■ What to work on ■
From start to end, write out the following data exactly, apart from its images.

■ Data below ■
--- START ---
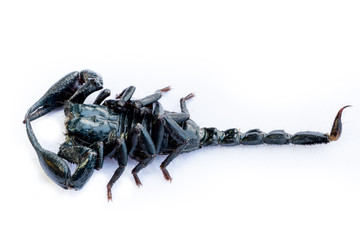 scorpion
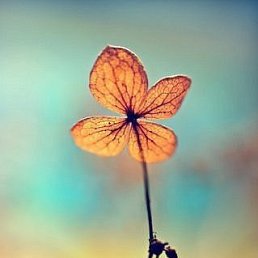 �������, ������, 75 ���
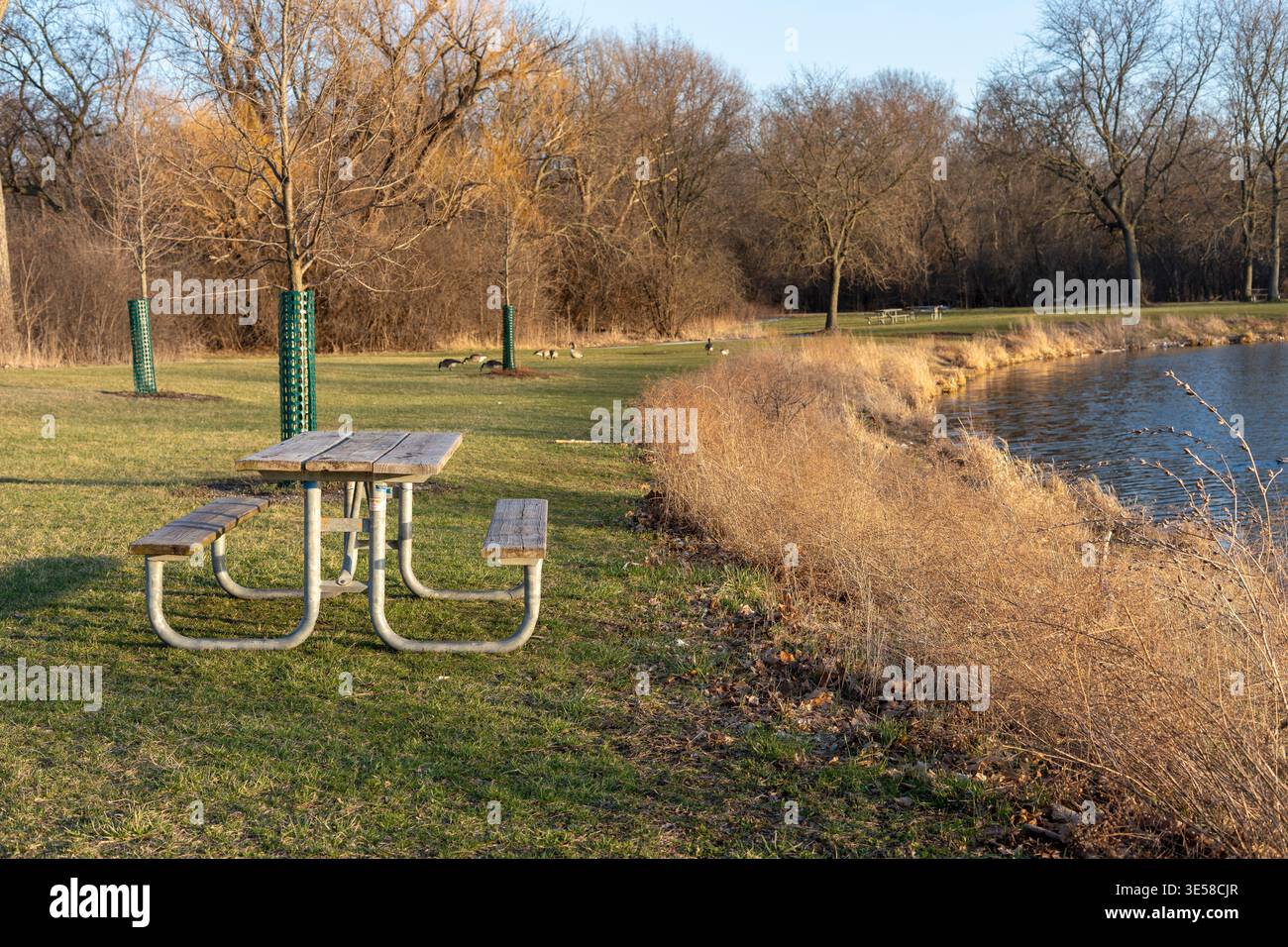 Picknicktisch in der Nähe des Sees mit Gänsen im Hintergrund während der goldenen Stunde. Friedlicher Angelplatz im Park vor Ort. Stockfoto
--- END ---
■ Completed exercise ■
 scorpion
 �������, ������, 75 ���
 Picknicktisch in der Nähe des Sees mit Gänsen im Hintergrund während der goldenen Stunde. Friedlicher Angelplatz im Park vor Ort. Stockfoto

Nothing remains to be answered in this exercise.